Depuis la fin du 19ème siècle, la famille Kayser a les mains dans la farine. Pour Matthieu, la 4ème génération, le métier de boulanger est aussi une passion. Il a reconstitué un ancien fournil pour honorer le travail de ses ancêtres.
Pendant des années, Matthieu Kayser a regardé son grand-père puis son père travailler dans la boulangerie familiale à Morsbronn-les-Bains (Bas-Rhin). Il en a hérité l’amour du pain et de son histoire. Aujourd’hui, il veut continuer à la transmettre. A partir d’une unique photographie, il a fait construire un four à pain du début des années 1900. La porte est d’origine ainsi que les décorations ferraillées. Ça lui a coûté 12 000 euros.
“A l’époque, le boulanger avait un rôle capital, assure-t-il. Les gens n’avaient pas grand-chose à manger à part le pain et les légumes. Le boulanger n’avait pas forcément d’électricité, ou même de lumière. Pourtant, il trouvait toujours une solution pour que les gens aient de quoi manger.”
Son four est installé dans un véritable petit musée avec d’autres objets d’époque. Tous datent plus ou moins de l’avant Seconde Guerre mondiale. Anciens atelier, pétrin, livrets de rationnement, ... Il y a même un dénoyauteur de cerises et une machine à café d’époque.
“Les gens peuvent venir chez moi et voir comment c’était avant. Toutes ces machines sont d’origine. Ce sont celles que mon père, mon grand-père et mon arrière-grand-père utilisaient”, explique Matthieu.
Une histoire de famille
C’est dans la maison qui abritait l’ancienne boulangerie Kayser, ouverte en 1958, que se trouve le vieux fournil de Matthieu. Là où son père, Freddy, travaillait la pâte en son temps. Lui aussi est un grand passionné de l’histoire de la boulangerie.
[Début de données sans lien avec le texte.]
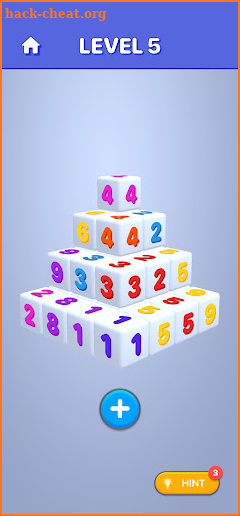 Cube Math 3D screenshot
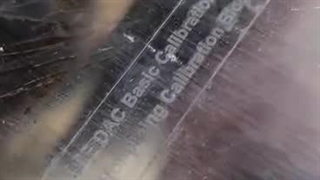 بلوک کالیبراسیون DAC ضخامت 38 میلی متر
Il y a près de 30 ans, il a imaginé puis commercialisé le “Pain paysan 1870”, en mémoire de cette période de guerre qui a touché de plein fouet le village de Morsbronn : “J'ai réfléchi à la manière de faire du pain, aux mélanges de farines. Et j'ai essayé de faire du pain comme autrefois, pour qu'on n'oublie pas cette période difficile où les matières premières étaient rationnées.”
“Matthieu a continué avec la même mentalité, et la même façon de voir la boulangerie, poursuit-il fièrement. On nous a transmis l’histoire et on continue à la transmettre. C'est vraiment important pour nous. Les gens oublient ce qu'était la guerre et qu'à une époque, il n’y avait pas assez à manger.”
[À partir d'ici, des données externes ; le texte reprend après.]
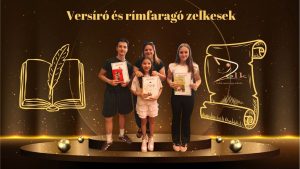 Versíró és rímfaragó zelkesek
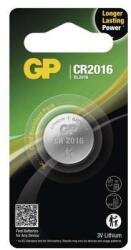 GP Batteries Lítium gombelem CR2016 1db/bliszter (EMOS-B15161)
Ce besoin de transmission ne date pas de Freddy Kayser. C’est Charles, son père à lui (et le grand-père de Matthieu), qui a commencé la tradition en relatant sur huit pages manuscrites sa vie pendant la guerre et son quotidien de boulanger. 25 ans plus tard, Freddy et Matthieu ont raconté à leur tour l’histoire de famille dans un livre avec comme fil conducteur, le pain.
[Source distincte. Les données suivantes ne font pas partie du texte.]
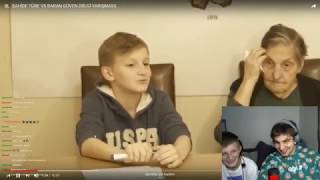 Berkcan Güven Baran Ile- Şahide Türe Vs Baran Güven Yarişma İzli̇yor Efsane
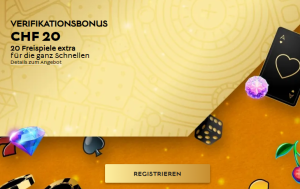 Gamrfirst Bonus 2025: Sichere dir 100% bis zu CHF 1000 und  1040 Cash Spins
“On a travaillé ensemble pour les recherches et l’écriture. On fait presque tout ensemble”, confie Matthieu.
La touche féminine
Depuis 2001, la boulangerie Kayser ne se situe plus rue du moulin, mais route de Haguenau. Un axe routier important dans le nord de l’Alsace. C’est toujours une affaire de famille. Matthieu est en charge du fournil et du laboratoire de pâtisserie. Freddy inspecte les travaux finis, bien qu’il soit à la retraite depuis un moment. A l’accueil, le visage de la boulangerie, c’est Elisabeth, la femme de Freddy. Leur rencontre était-elle un hasard ? On peut en douter.
“A l’époque, je travaillais à la banque. Mais mon grand-père et mon arrière-grand-père étaient... boulangers ! Je savais à quoi m’attendre”, s’amuse Elisabeth.
C’est en partie grâce à elle que la famille Kayser a commencé à voir plus grand. A son arrivée dans l’entreprise familiale, toutes les factures étaient entassées dans une boîte à chaussures. Il a fallu remettre de l’ordre. Puis sont arrivées d’autres nouveautés. Un salon de thé, un drive-in, un accent sur l’esthétique et un accueil de la clientèle plus recherché.
Aujourd’hui, la boulangerie Kayser compte une quinzaine d’employés et une clientèle abondante aux heures de pointe. Etant donnés la charge de travail d’un boulanger et les horaires décalés, qui eux sont les mêmes depuis la nuit des temps, les moments en famille, c’est à la boulangerie.